Brief descriptive captions
+ + + + + + +

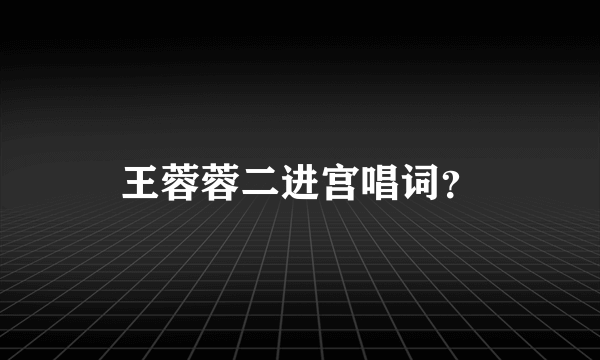 王蓉蓉二进宫唱词？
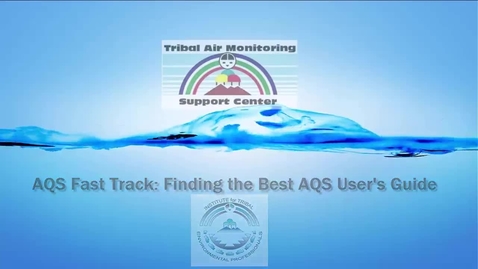 Thumbnail for entry AQS Fast Track_ Accessing the Best User’s Guide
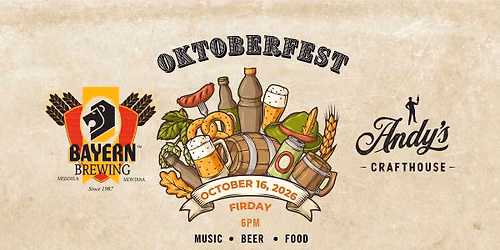 Oktoberfest Weekend at Andy\u2019s Crafthouse!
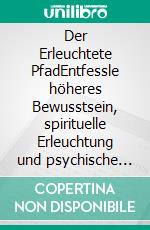 Der Erleuchtete PfadEntfessle höheres Bewusstsein, spirituelle Erleuchtung und psychische Kräfte durch die Aktivierung des Dritten Augen-Chakras, Hellsehen, Astralprojektion und Aura-Beobachtung. E-book. Formato EPUB ebook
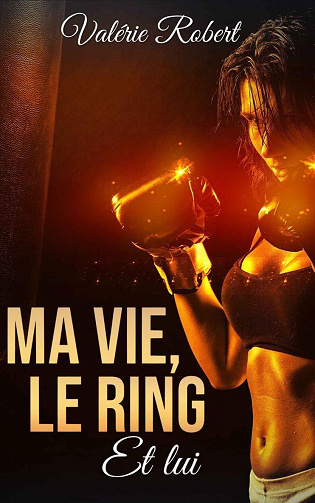 Ma vie, le ring.. et lui ! - Valérie ROBERT (2022)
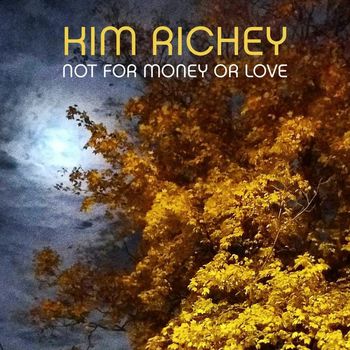 Kim Richey - Not for Money or Love
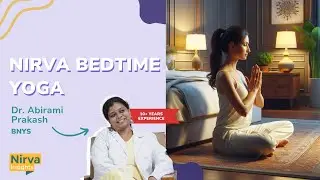 Nirva Bedtime Yoga: The Secret to a Good Sleep | Episode 1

+ + + + + + +

Output only the lines running from the line with "Kim Richey - Not for Money or Love" through the last line of the entries above, inclusive, with pictures excluded.

 Kim Richey - Not for Money or Love
 Nirva Bedtime Yoga: The Secret to a Good Sleep | Episode 1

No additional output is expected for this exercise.